BP had hoped to wow investors with the final version of its £10bn share swap with the government-run Rosneft at today’s meeting, after signing the deal in January.

But Rosneft last night said it would not extend the three-month deadline for sealing the deal, meaning BP, barring an 11th hour miracle, will today run out of time for its increasingly desperate talks with existing Russian oil partner TNK-BP, which BP runs with four oligarchs who operate under the name Alfa Access Renova (AAR).

BP had offered AAR a reported $27bn (£16.6bn)?to buy the group out of TNK-BP, which was turned down flat, and talks ended yesterday.

Today’s cut-off point means BP needs to negotiate a fresh deal with Rosneft that also keeps AAR sweet – although sources close to Rosneft said the firm will start the hunt for a different partner to explore its lucrative but closely-guarded Arctic oil reserves.

TNK-BP management will not make it easy for BP to convince them of a deal in any form, having instructed lawyers to look at launching a lawsuit against BP executives for failing to uphold the rights of the group.

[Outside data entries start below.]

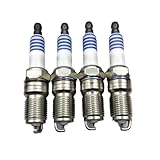 4Pcs Sp-432 Agsf32Fm Platinum Spark Plug Compatible for Mercury Compatible for Lincoln Sp 432 Agsf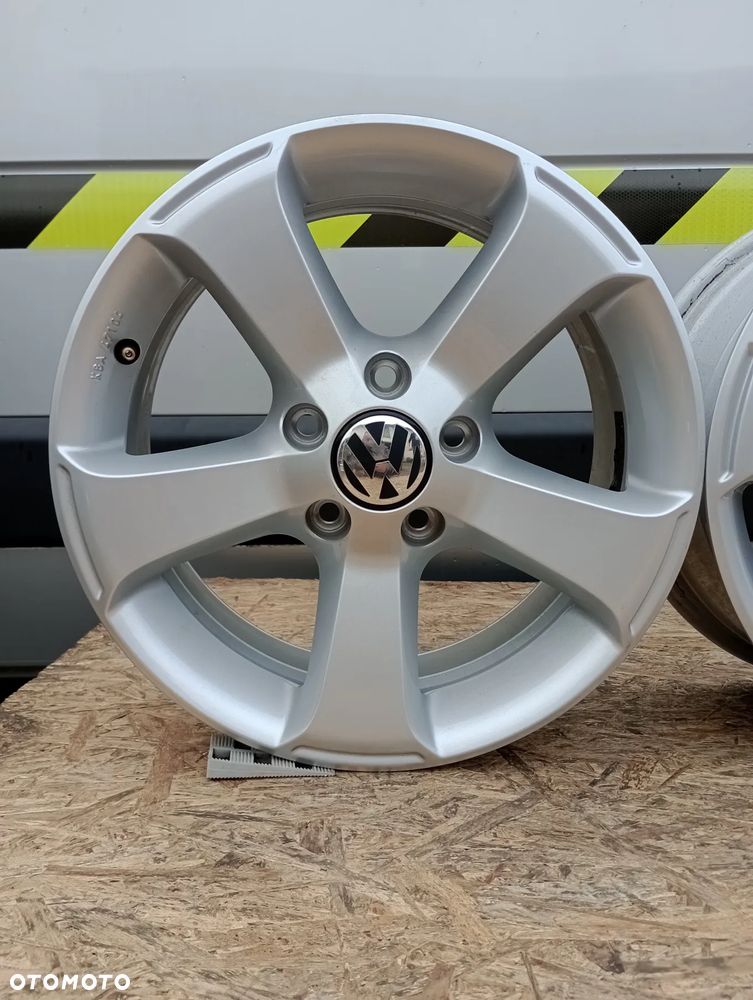 FELGI ALUMINIOWE 5x112 R16 6,5J ET42 VOLKSWAGEN BEETLE CADDY EOS GOLF JETTA PASSAT SCIROCCO SHARAN T4 TIGUAN TOURAN TRANSPORTER T-ROC - 4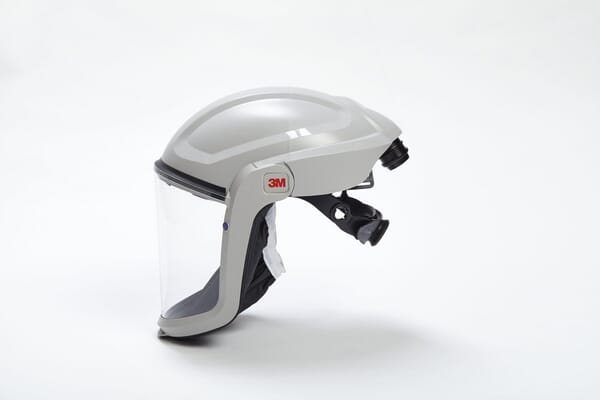 Écran facial avec bavette de confort vue 2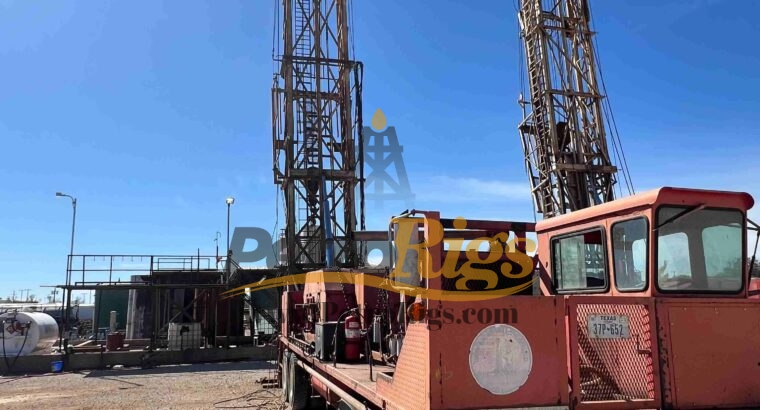 Cooper DBL TRP Workover Rig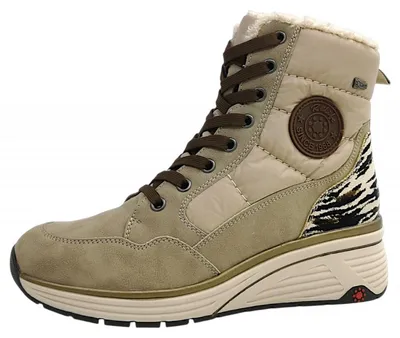 Productafbeelding van Relife Damenschuhe Schnürstiefel Grau Freizeit
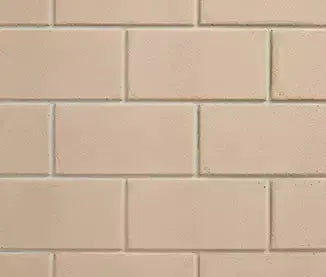 Majestic Antler Velvet Traditional Stacked Interior Brick Panels for Castlewood 42" Wood Burning Fireplace Majestic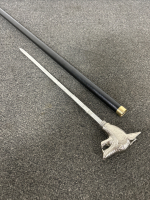 WOLFHEAD SWORD CANE - 4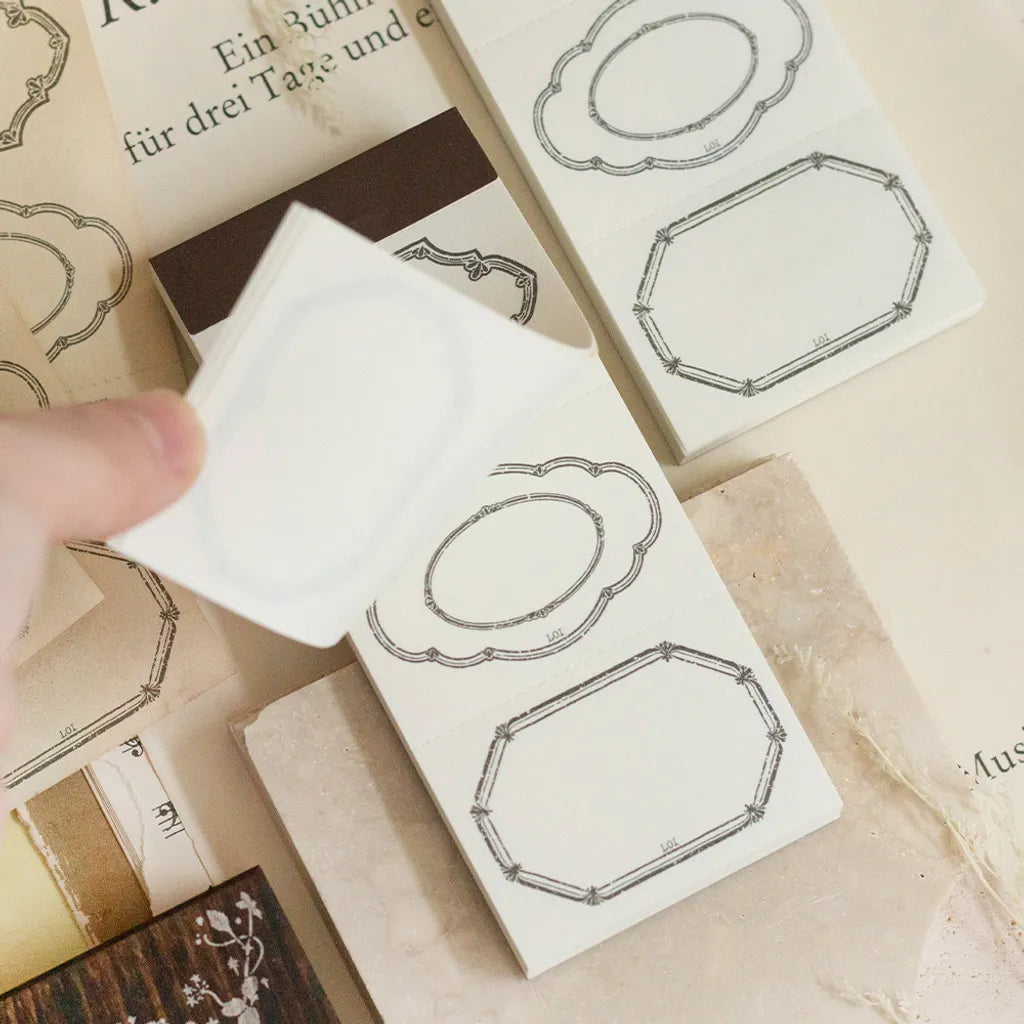 Loi Design Letter Pad | Triple Time - Photo Frame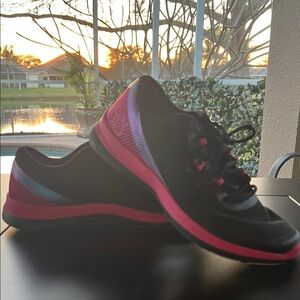 Ryka Black and Pink Deft XT Women's Sneakers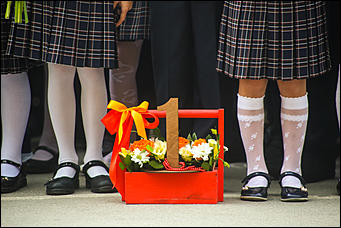 2 сентября 2019 г., Барнаул. Екатерина Смолихина   Здравствуй, школа! Праздничные линейки по случаю Дня знаний прошли в Барнауле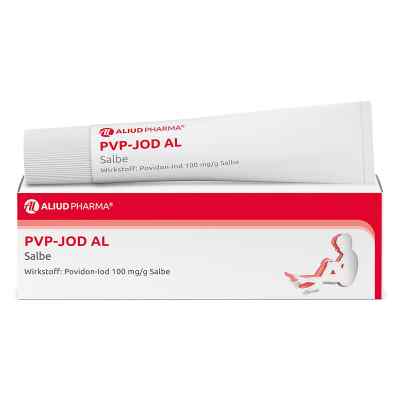 Pvp Jod Al maść 25 g od ALIUD Pharma GmbH PZN 00562560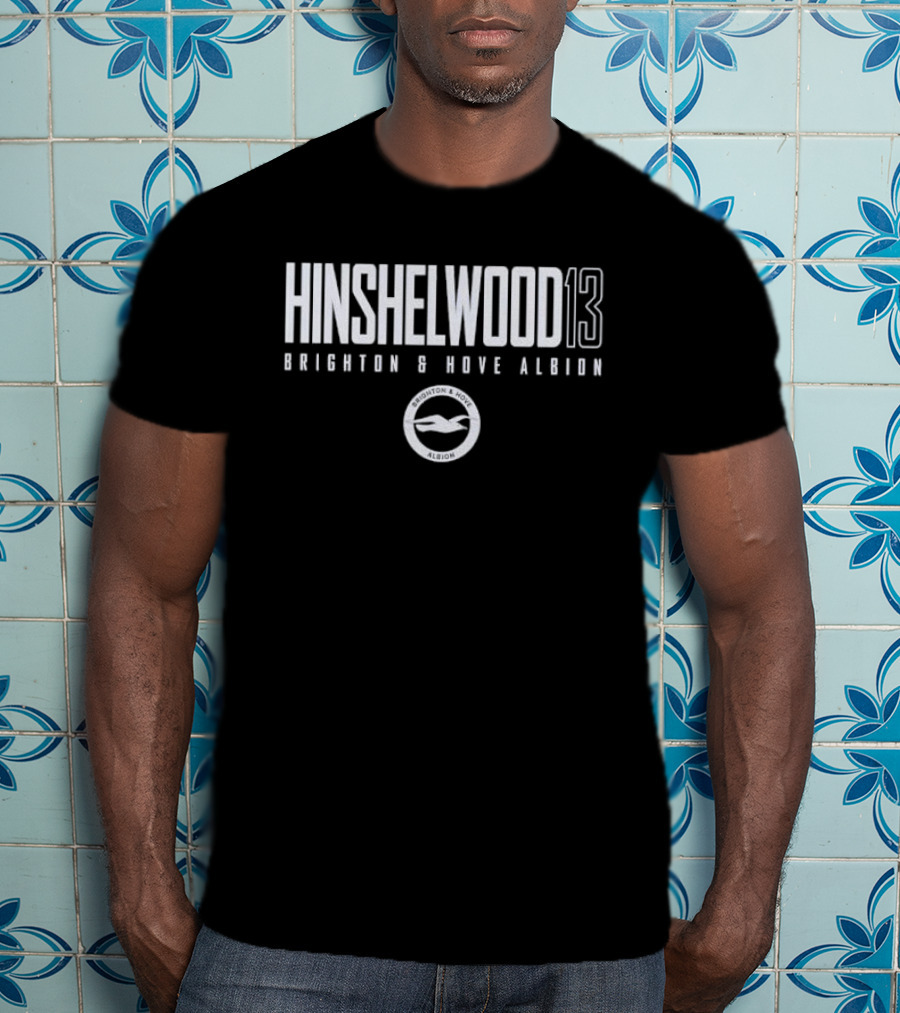 Hinshelwood 13 Brighton & Hove Albion T-Shirt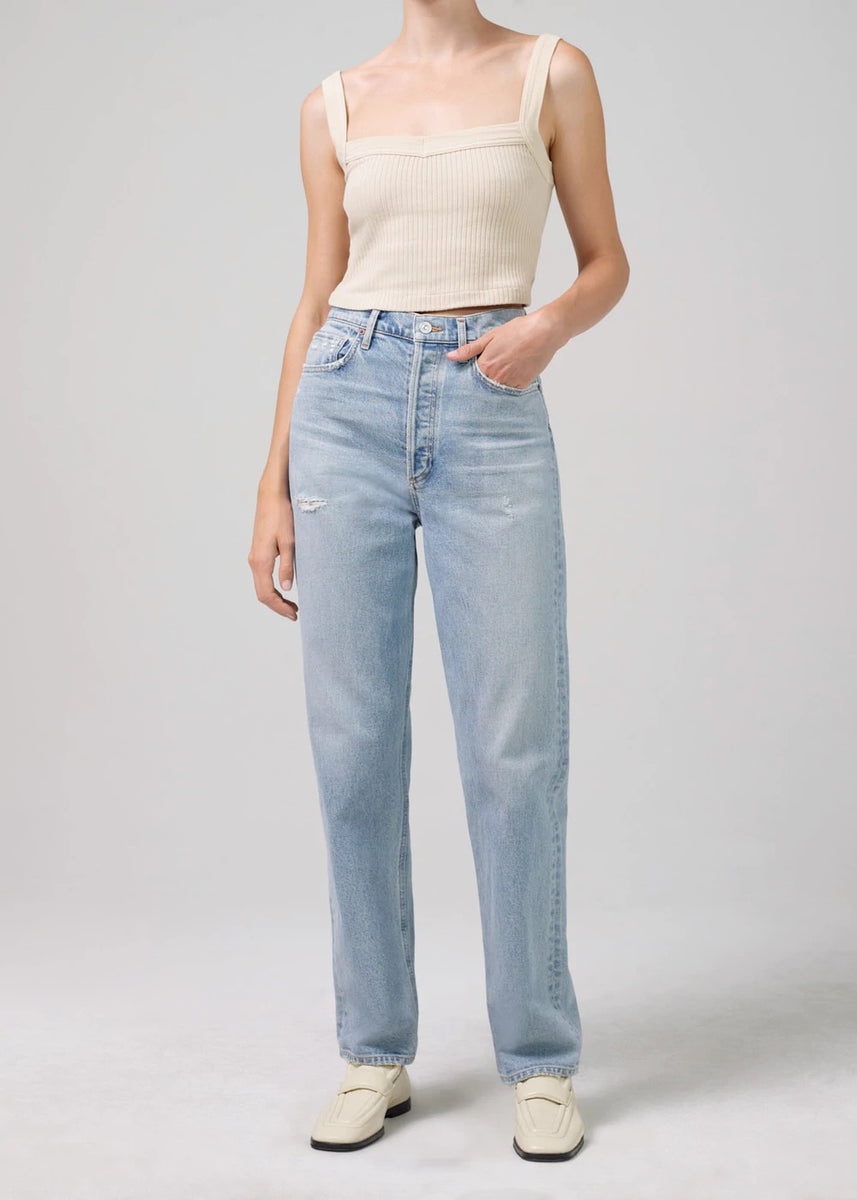 Citizens Of Humanity Eva high-rise Baggy Jeans - Farfetch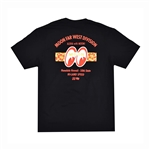 in4mation x MOON Far West Div 26 T-shirt in4mation x MOON Far West Div 26 T-shirt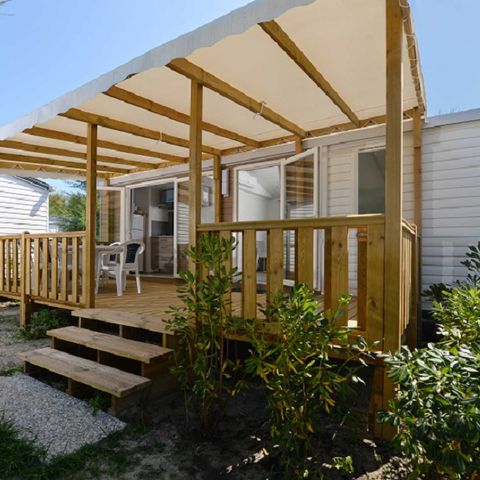 MOBILE HOME 4 people - Lodge Deluxe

One BP shareholder told City A.M. the firm has dismissed criticism of its attempts to deal with Rosneft and the Kremlin without the prior blessing of the AAR oligarchs.

“We had concerns about the legal risks as soon as the [Rosneft] deal was announced, but BP was quite emphatic, both publicly and privately, that the media were making a lot more of this than was justified,” said Karina Litvack, head of governance and sustainable investment at F&C.

BP’s annual meeting at the ExCel London centre today was already set to be a tumultuous gathering, with shareholders from around the world flying in to voice their fury at BP’s Gulf of Mexico disaster last April, which became the worst spill in US history.

Large investors, including US pensions giant Calpers and a raft of smaller ones, have voted against some directors’ appointments and pay.

While proxy votes were registered before the collapse of the Rosneft tie-in, shareholders said the topic will be a flashpoint at the meeting. “It will be a particularly bad-tempered affair,” according to one large investor.

But another said last night that BP will plough on with its attempts to do business with Rosneft, telling City A.M.:?“BP does not want to be a bid target, so this was a white knight transaction – with BP now put over a barrel, it could be very costly to get a deal that satisfies the TNK partners.”